Summary of Tape No 600X2

5 February 1995

"1995 Ghost Ranch 5-Day Workshop - Tape 2 of 8"

This session continued Bartholomew's radical teaching about acceptance and non-doing, opening with a direct challenge to New Age concepts that equate happiness and health with spiritual correctness. He emphasized that trying to fix or change oneself is fundamentally misguided - we are attempting to perfect something (the body-mind) that is temporary and will die, while missing the eternal awareness that we truly are.

The transcript captures extensive dialogue with participants, particularly E..., who represents the common spiritual struggle of feeling lost and inadequate despite years of seeking. Bartholomew's response was characteristically direct: there is no "right way" to be on a spiritual path, and the very belief that one should feel a certain way creates the problem. He uses powerful analogies, comparing spiritual seekers to fish frantically searching for water while swimming in it, unaware of their natural environment.

A significant portion addressed the stages of spiritual development, explaining how consciousness must first strengthen the ego before it can transcend it. This includes a phase where the ego believes it creates through manifestation and willpower, followed by inevitable confrontations with events beyond its control. Only through this process does genuine humility arise - the recognition that something far greater is orchestrating life through us.

Bartholomew's teaching explores the relationship between consciousness and awareness, establishing that while we're always conscious (unless unconscious), awareness is something different and deeper. He makes clear this isn't another spiritual discipline to master, but rather a recognition that consciousness itself will naturally turn inward when ready. The distinction is meant to be understood, not pursued as another practice.

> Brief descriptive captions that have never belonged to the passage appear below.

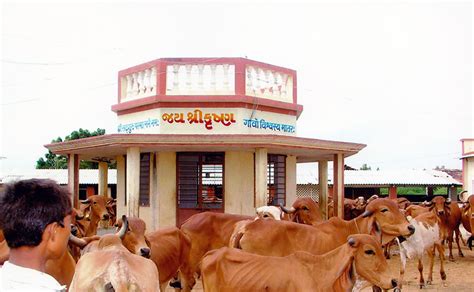 Shri Krishna Gaushala of Shree Jagjivan Bapu Sevashram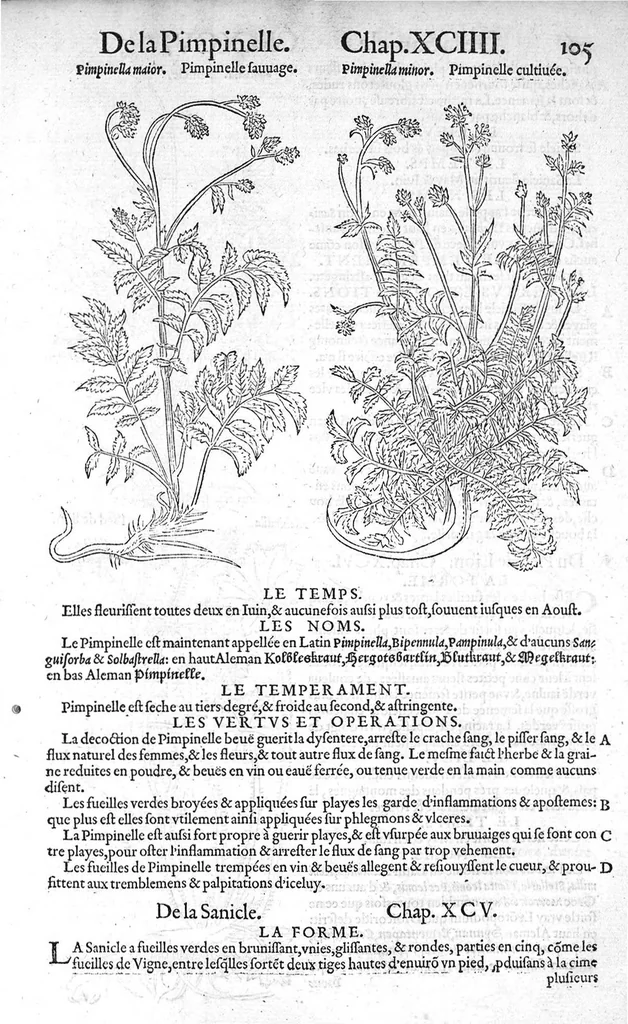 An illustration from Histoire des plantes, en laquelle est contenue la description entiere des herbes, c’est à dire, leurs Especes, Forme, Noms, Temperament, Vertus et Operations : non seulement de celles qui croissent en ce païs, mais aussi des autres estrangeres qui viennent en usage de Medecine. Par Rembert Dodoens Medecin de la Ville de Malines. Nouvellement traduite de bas Aleman en François par Charles de l’Escluse, 1567, leaf 128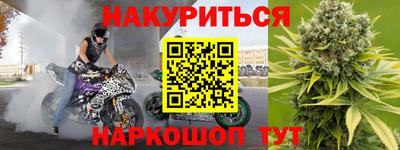 стафф Шелехов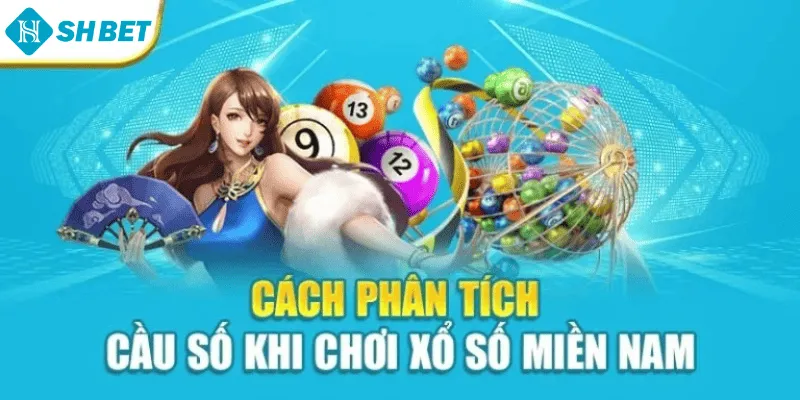 Cách phân tích cầu số khi chơi xổ số miền Nam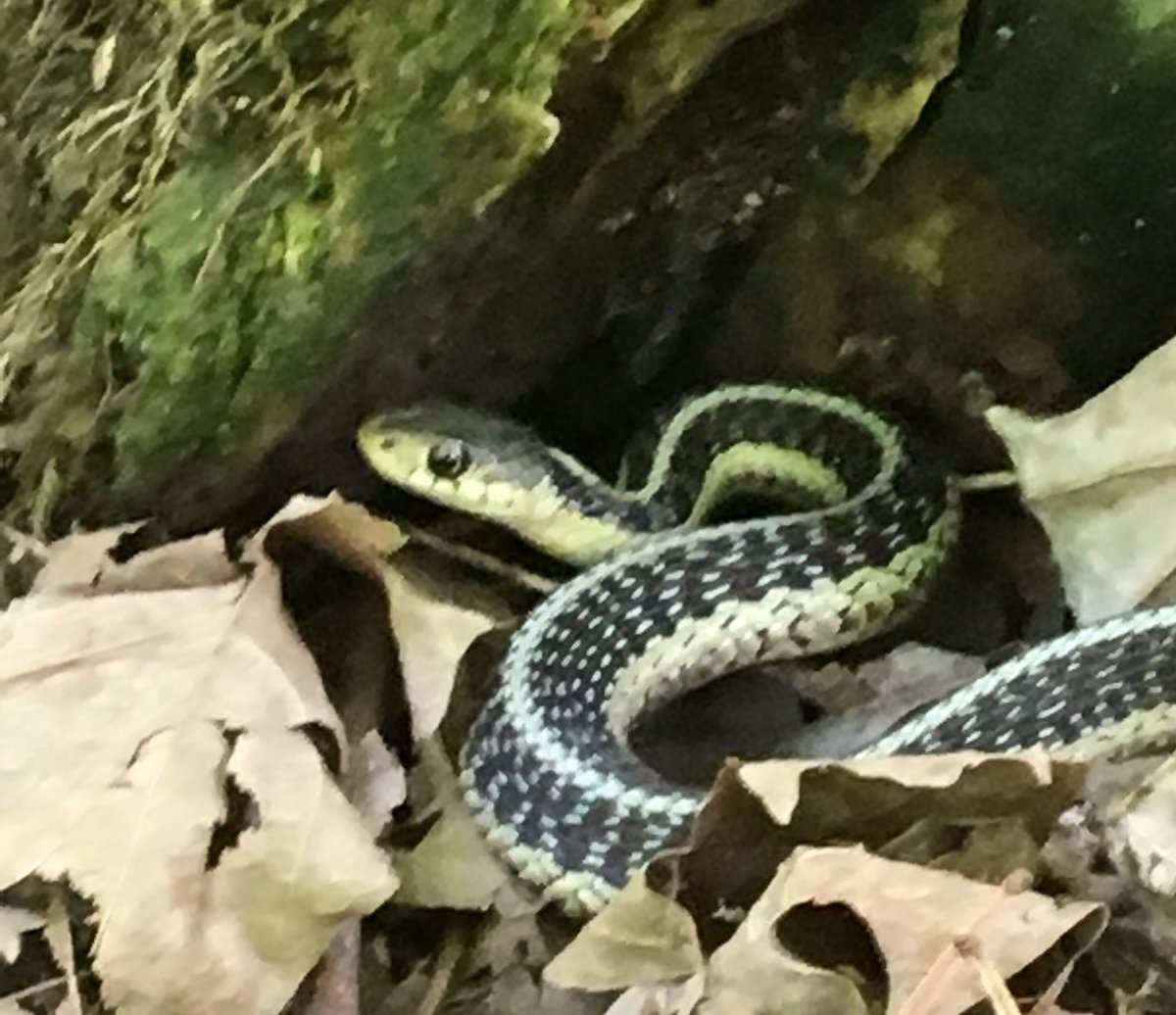 50FootPlanet's tweet photo. Caught this terrific garter #snake (on camera) during a #hike this week! Came across another who had just finished a meal but got away before I could snap a photo. #reptiles #snakes #herping https://t.co/XnFAk7DdP9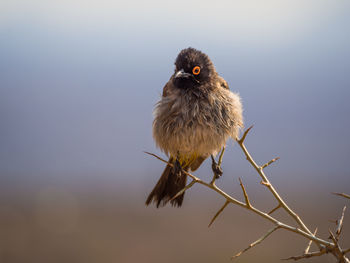 Close-up of bird perching on branch against sky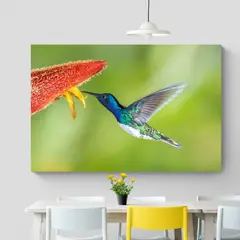 TAYRONA STORE - Cuadro En Lienzo Para Comedor Colibri 036 120x80cm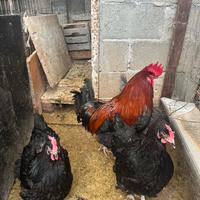 Marans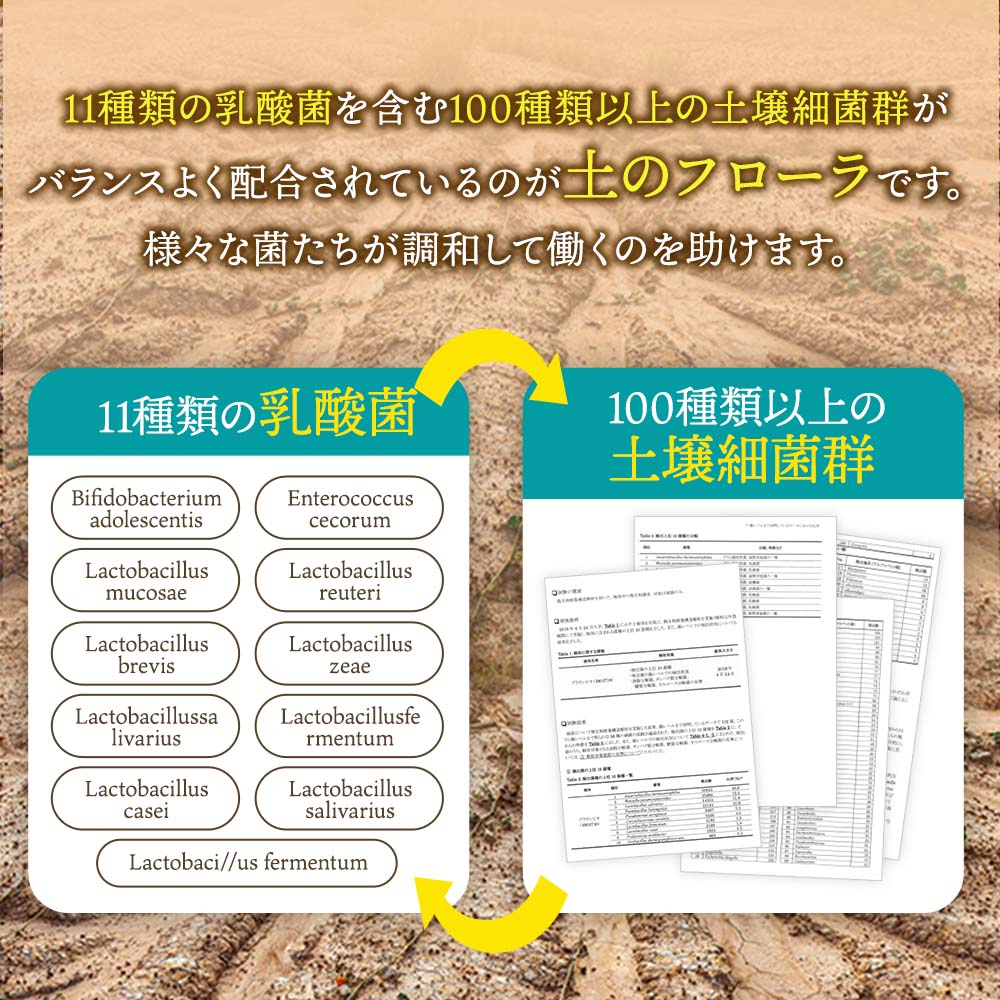 11種の乳酸菌×100種の土壌細菌群 土壌菌サプリメント 土のフローラ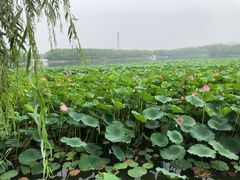 -大兴滨河森林公园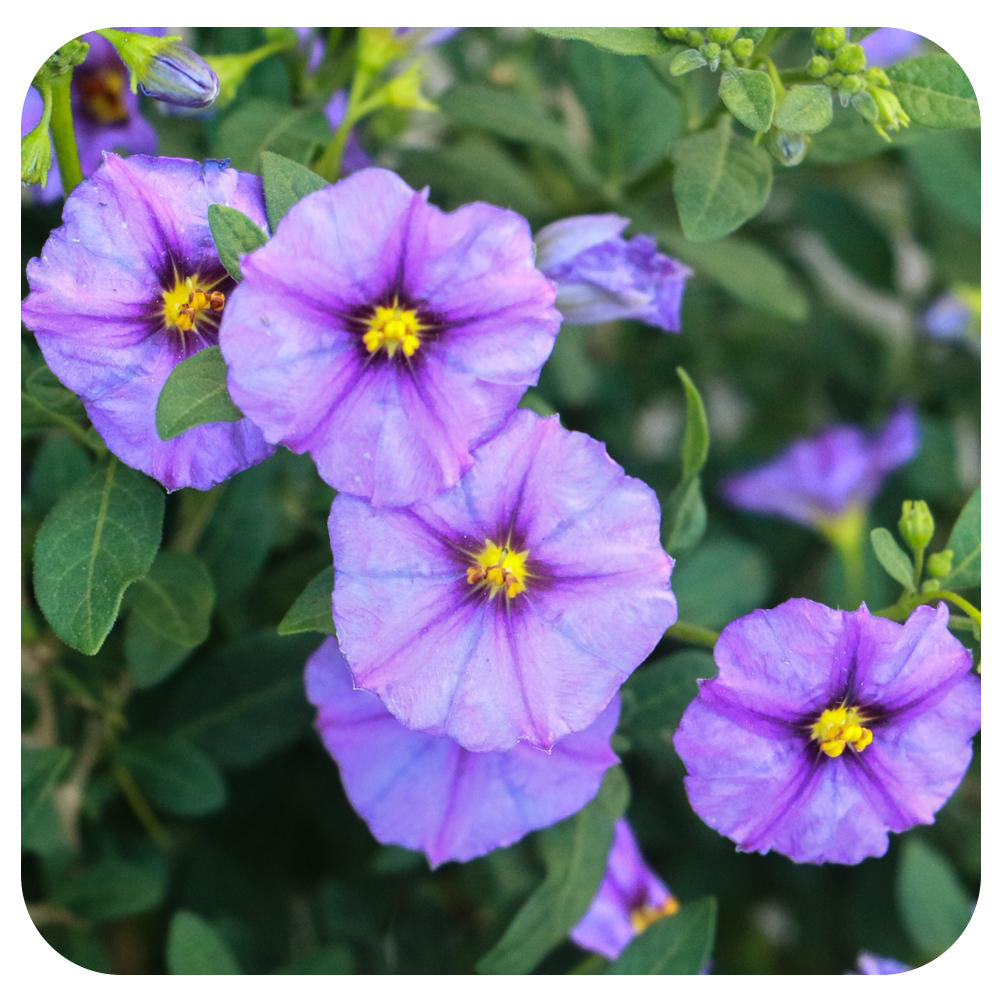 Solanum Tree (Lycianthes rantonnetii)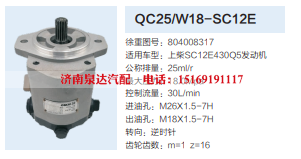 QC25/W18-SC12E,转向助力泵,济南泉达汽配有限公司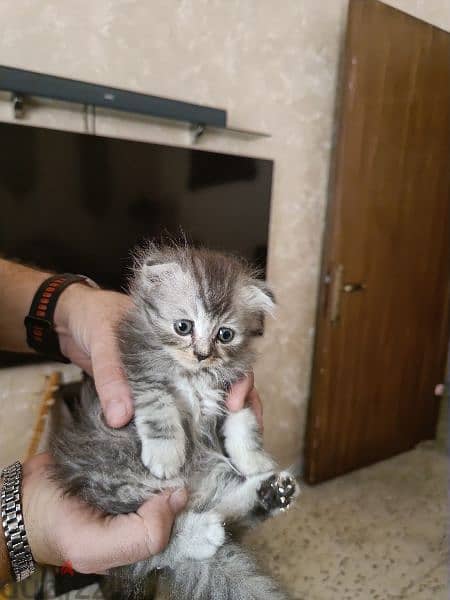 British Shorthair Silver Chinchilla Fold. 1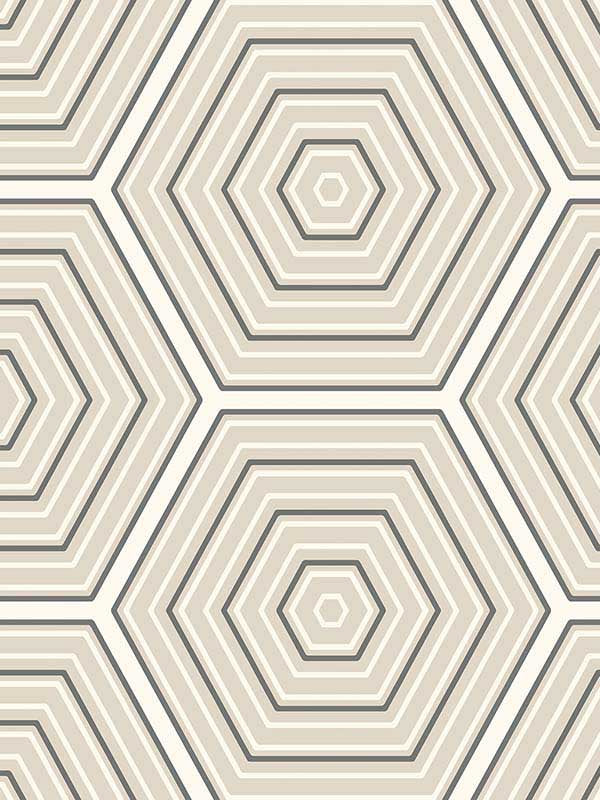 Hex Topography fabric in lunar rock and argos grey color - pattern number ET11905 - by Seabrook in the Etten Studios Geometrics collection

Throughout this session, Bartholomew addressed practical concerns about service, karma, and spiritual seeking, consistently redirecting attention away from doing and toward being. He challenged participants to drop their conceptual frameworks about how life should unfold and instead rest in the simple truth of their presence. The session culminated in the recognition that the process of awakening is inevitable once consciousness recognizes its true nature - there is nothing one can do to stop this natural return to awareness.